The main question the researchers had was: Is all myocarditis essentially the same? To find out, they looked at the outcomes that occurred after the initial hospitalization for myocarditis: readmissions for myocarditis, cardiovascular events, and heart failureThis explains the fact that people who have developed myocarditis after vaccination, including deaths, were originally healthy.
Here we show the hazard ratio, which is the relative proportion of a particular event between people with vaccine- or viral-induced myocarditis and those with traditional myocarditis, which form the reference group.
The pattern is pretty clear: post-vaccination myocarditis has a better outcome than classic myocarditis, and post-infectious myocarditis has a similar outcome to classic myocarditis.
This is not to say that post-vaccination myocarditis is benign. There is an event here. One person died, likely due to complications from post-vaccination myocarditis. Of course, there were four deaths in the post-infection myocarditis group.
These results held up in several related sensitivity analyses, including one in which people who developed myocarditis within 30 days of vaccination were classified as having postvaccination myocarditis, instead of the traditional seven-day period.
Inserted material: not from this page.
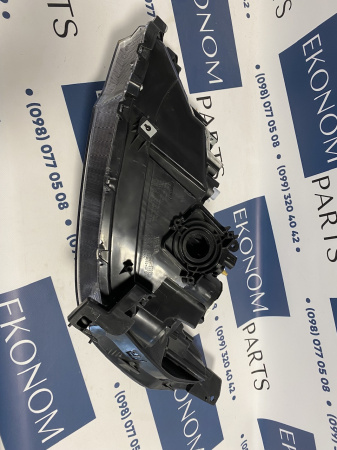 33150T0AH01 Фара под ксенон правая Honda CR-V EU 2012-2014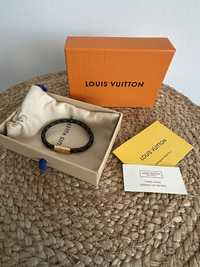 Bratari Louis Vuitton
So what is going on here? It's not entirely clear. Logically, since both the vaccine and the virus cause myocarditis, something common to both must be the cause. And the two things common to both are the mRNA code and the spike protein that results from it. Given that the myocarditis is worse after infection, as seen in this study, it lends credence to the hypothesis that the spike protein is causing an inflammatory response to the heart muscle cells, possibly through molecular mimicry. It's just that in the case of the vaccine, the dose of the spike protein is self-limiting. But the COVID virus itself has the whole package of proteins to produce more spike protein than is inoculated. That's how life finds a way.
But let's answer the fundamental question at the heart of all these studies: Are the risks of the vaccine worth the benefits? The answer is that myocarditis is not the answer. Whether post-vaccination or post-COVID, this outcome is too rare to significantly influence rational decision-making. It's like deciding whether to carry a flask of whiskey in your pocket based on its ability to stop bullets.
To make an informed decision about vaccination, and with vaccination season fast approaching, totalling Risk and totalling Benefits. Most data suggests that for most people, the benefits significantly outweigh the risks. If we were the average human being, we would probably choose to get vaccinated.
However, humans are subject to what are called cognitive biases. Fear risk biasWhen the outcome itself is particularly egregious, we think of the outcome as more likely than it actually is. This is where the myocarditis story gets us in trouble and affects vaccination rates. Myocarditis is a horrible thing. And like a shark attack, we act as if the outcome is more likely than it really is.
I'm not saying you shouldn't worry about vaccine side effects or the effects of COVID — at the end of the day, these decisions are personal — but just because they're personal doesn't mean they aren't rational.
F. Perry Wilson, MD, MSCE, is an associate professor of medicine and public health and director of the Clinical and Translational Research Accelerator at Yale University. His science communication articles can be found on Huffington Post, NPR, and here on Medscape. He tweeted: Perry WilsonAnd his book, How drugs work and when they don't, is now available.